Members of the 2016 draft class will soon be in the first season of their rookie-scale extensions whenever the 2020-21 off-season begins. That specific class wasn’t altogether a good one for the Boston Celtics, but it delivered in setting the current team up with one of its core members.
At the #3 selection, the C’s selected Jaylen Brown. One pick earlier, Boston’s chief rival–the Los Angeles Lakers–went with Brandon Ingram. While LSU’s Ben Simmons was the shoe-in for the #1 pick (even though fate would have it that he missed his first year under contract), the next two picks could have gone either way.
And truly, the impact both players have had with the teams they did get selected to (and the New Orleans Pelicans this past year for Ingram) have been similar so far. Now, to be fair to both players, the 2016-17 rookie years they played were mostly spent on the bench. Their situations were different, with the Celtics being a conference finals contender and the Lakers eventually falling to the lottery again, but neither player made much of a dent.
The following year in 2017-18, both players got more of a shot in their current lineups, ascending to the starting five. Both responded with points per game bumps into the teens. More impressively, both shot above 45 percent from the field and 39 percent from the 3-point line. This season, though, saw Brown achieve playoff success that separates the pair.
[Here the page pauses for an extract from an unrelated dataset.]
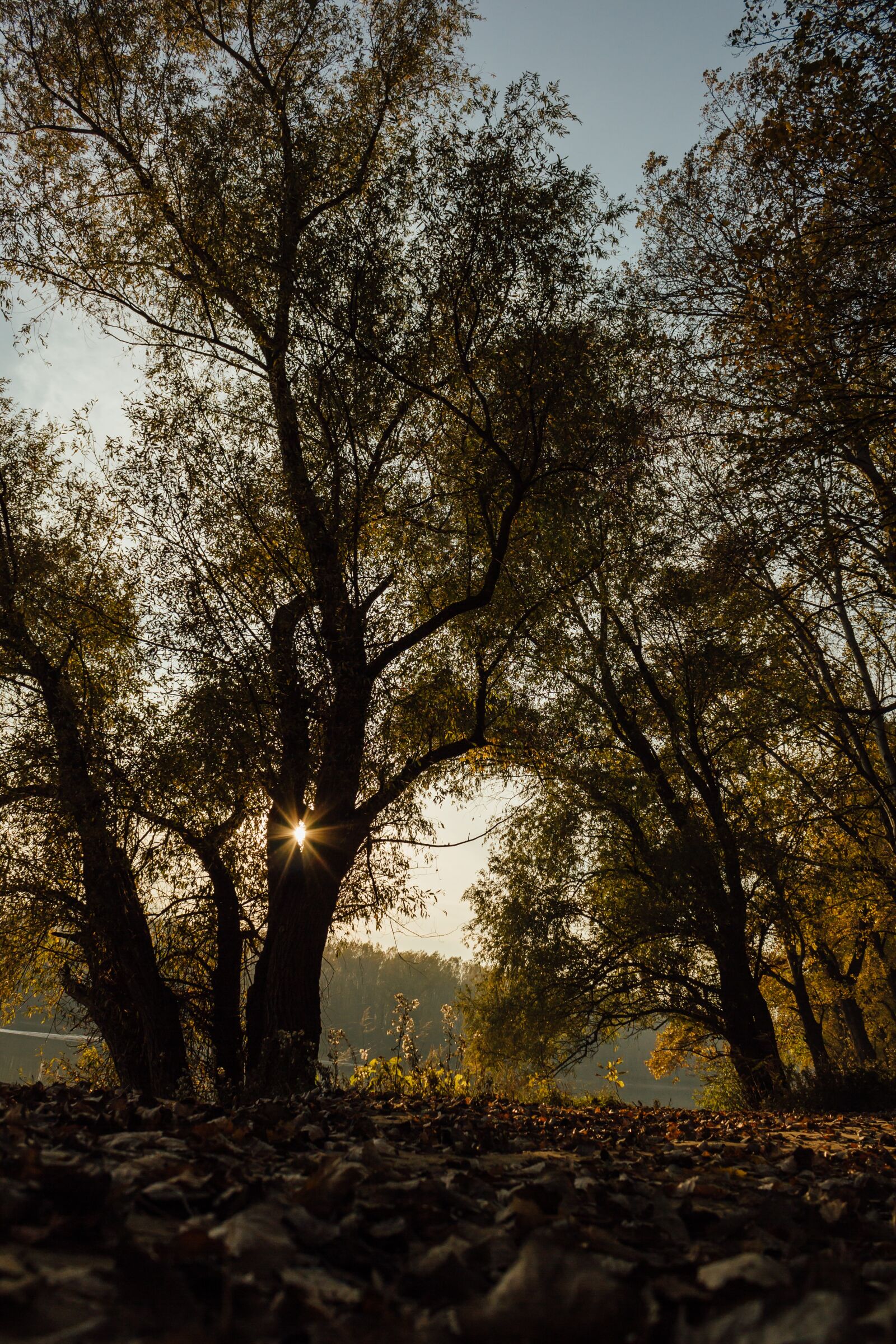 Canon EF-S 18-55mm F3.5-5.6 IS sample photo. Sunrays, shadow, trees, silhouette photography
Thus far, Ingram hasn’t been on a playoff contender. Even the addition of LeBron James last season couldn’t lift his Lakers to the playoffs. Meanwhile, while the Pelicans were trending upwards before the season was suspended, they were not projected to make the playoffs either.
Brown was a star in the C’s series against the Cleveland Cavaliers on a team that was missing both Kyrie Irving and Gordon Hayward. With all of that said, you can’t blame Ingram for the Lakers’ lack of a well-built roster compared to a combination of Danny Ainge mixing lottery picks with competitive veterans and Brad Stevens maintaining a winning culture for most of his Boston tenure.
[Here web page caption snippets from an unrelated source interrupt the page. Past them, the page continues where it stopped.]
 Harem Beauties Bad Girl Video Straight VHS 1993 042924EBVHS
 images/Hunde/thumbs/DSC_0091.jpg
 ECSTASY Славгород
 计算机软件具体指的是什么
Ultimately, both players ended up with historically great franchises. One has not adjusted since losing a franchise staple in Kobe Bryant (and truthfully, they were declining for years with him on the roster). The other was the Boston Celtics, who transitioned from the “Big 3” era to maintain success for the better part of the last decade.
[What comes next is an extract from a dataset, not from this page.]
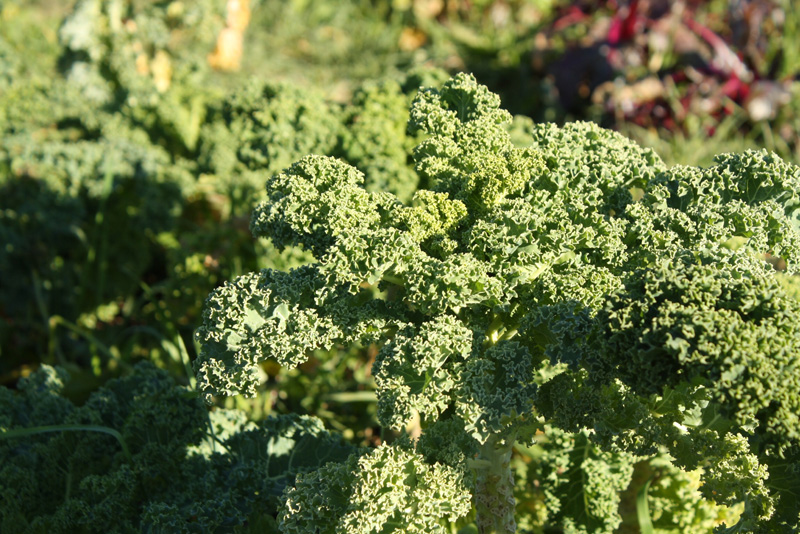 image of Kale Growing at Fresh City Farms
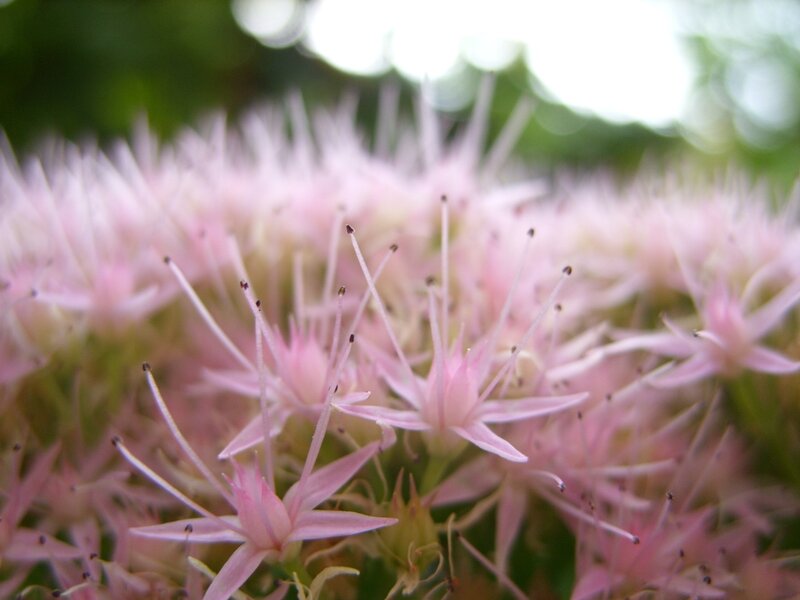 Pink Star-shaped Flowers — Serene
Brown may be a better fit next to Jayson Tatum than Ingram would be. Then again, perhaps Ingram’s distributing abilities would be better served on a C’s roster that lacks a player who averages at least five assists per game. Ingram hasn’t reached that lofty number in his career, but hasn’t had the caliber of talent around him that Brown has.
Ultimately, though, these two players are remarkably similar. Ingram is an All-Star, while Brown is likely a year or two away from becoming one himself. Things worked out for Boston, but if the Lakers brought the University of California product home, the Celtics would have done well to have Ingram fall to them.